LES POINGS DESSERRÉS

Écrit et réalisé par Kira KOVALENKO - Russie 2021 1h37mn VOSTF - avec Milana Agouzarova, Lik Karaev, Soslan Khougaev, Khetag Bibilov... GRAND PRIX UN CERTAIN REGARD, FESTIVAL DE CANNES 2021.

(ATTENTION ! Cette page est une archive !)

LES POINGS DESSERRÉSAda est une jeune femme qui ne veut pas s’enfuir : elle veut pouvoir partir. Quitter ce monde d’hommes qui l’enserre, s’affranchir de ce père, de ces frères, de ces garçons qui lui tournent sans cesse autour sans renoncer à eux, sans balayer les sentiments qu’elle éprouve. Et ce n’est pas une mince nuance, c’est une tout autre aventure. Car il ne s’agit pas tant de trouver l’échappatoire que de résoudre la tension entre son besoin irrépressible de liberté et l’amour réel qu’elle a pour les siens. Choisir serait renoncer et elle n’envisage pas cette facilité. Voilà pourquoi elle est si touchante : Ada ne tient rien à distance, elle s’engage tout entière et à chaque instant. Ce personnage – admirablement interprété par Milana Agouzarova – est la grande réussite de ce film surprenant, signé d’une réalisatrice caucasienne de 31 ans nommée Kira Kovalenko qui, comme son héroïne, n’évacue rien trop vite, malaxe les situations sans relâche, pour chercher à restituer les sentiments dans ce qu’ils ont de plus ambivalent, jusqu’au trouble parfois.

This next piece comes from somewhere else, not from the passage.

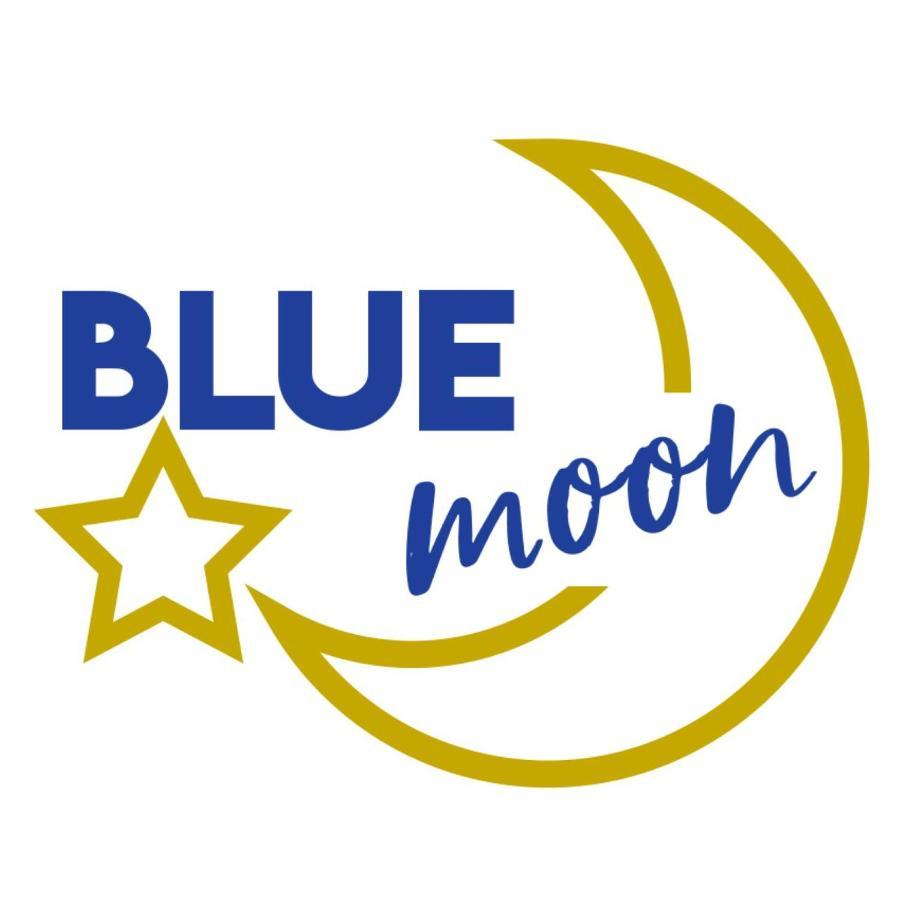 Floating House Blue Moon Villa Порторож Екстериор снимка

On découvre Ada à un arrêt de bus, mutique, la fermeture éclair de son sweat remontée sur le bas du visage. Elle est accompagnée de son attachant petit frère Dakko, ado énergique et naïf. Déjà une voiture s’arrête : un jeune homme implore encore une fois Ada de passer un peu de temps avec lui. Amusée et importunée à la fois, Ada ne répond pas. Elle est ici pour attendre quelqu’un, mais il ne viendra pas…
De retour au calme du foyer, son père passe sa main dans ses cheveux détachés et lui adresse cette terrible question : « pour qui t’es-tu parfumée, ma fille ? ». Il sait bien qu’il n’y a pas de perspective dans cette petite cité minière d’Ossétie du Nord, coincée entre deux montagnes abruptes. Les uns passent leur temps à faire des dérapages en rond dans un terrain vague, les autres à jeter des mortiers d’artifice sur le flan de l’immeuble qui sert de logement à la moitié de la ville. Pas vraiment la joie, si bien que la cohésion familiale imposée par ce père autoritaire apparaît rassurante à bien des égards, d’autant – on le comprendra – que cette famille est marquée par un traumatisme qui a renforcé l’union domestique. Ada, qui est la seule femme du foyer, travaille chaque jour à la supérette, passe un peu de temps à trainer avant de rentrer s’occuper de sa famille.
Celui qui pourrait bien la tirer de là et qu’elle attend à l’arrêt de bus, ce n’est pas un amant secret : c’est son grand-frère Akim qui, lui, est parti à Rostov, la grande ville. Peut-être qu’il saura dire à ce père qu’il est temps de lâcher prise, montrer à Ada comment s’y prendre et la mettre enfin sur la voie de l’émancipation.

La mise en scène énergique de Kira Kovalenko (qu’on rapproche de Kantemir Balagov, auteur de Tesnota et Une grande fille, tous deux étant élèves du grand Alexandre Sokourov), caméra à l’épaule, au plus près des corps, s’éloigne rapidement du strict genre réaliste pour développer une fascinante orchestration des contacts physiques. Toujours à l’étroit, les chairs se frôlent, se heurtent, s’étreignent. Les personnages s’imbriquent les uns dans les autres à la recherche d’un vivre ensemble, tout en s’en extirpant par un élan vital. Des corps eux-mêmes otages d’une ville désolée, oubliée de tous, où les tensions identitaires et politiques du passé sont encore palpables. Film sec et sans artifices, Les Poings desserrés est le portrait complexe d’une jeune femme en lutte avec les siens, coincée jusque dans l’amour qu’elle leur porte.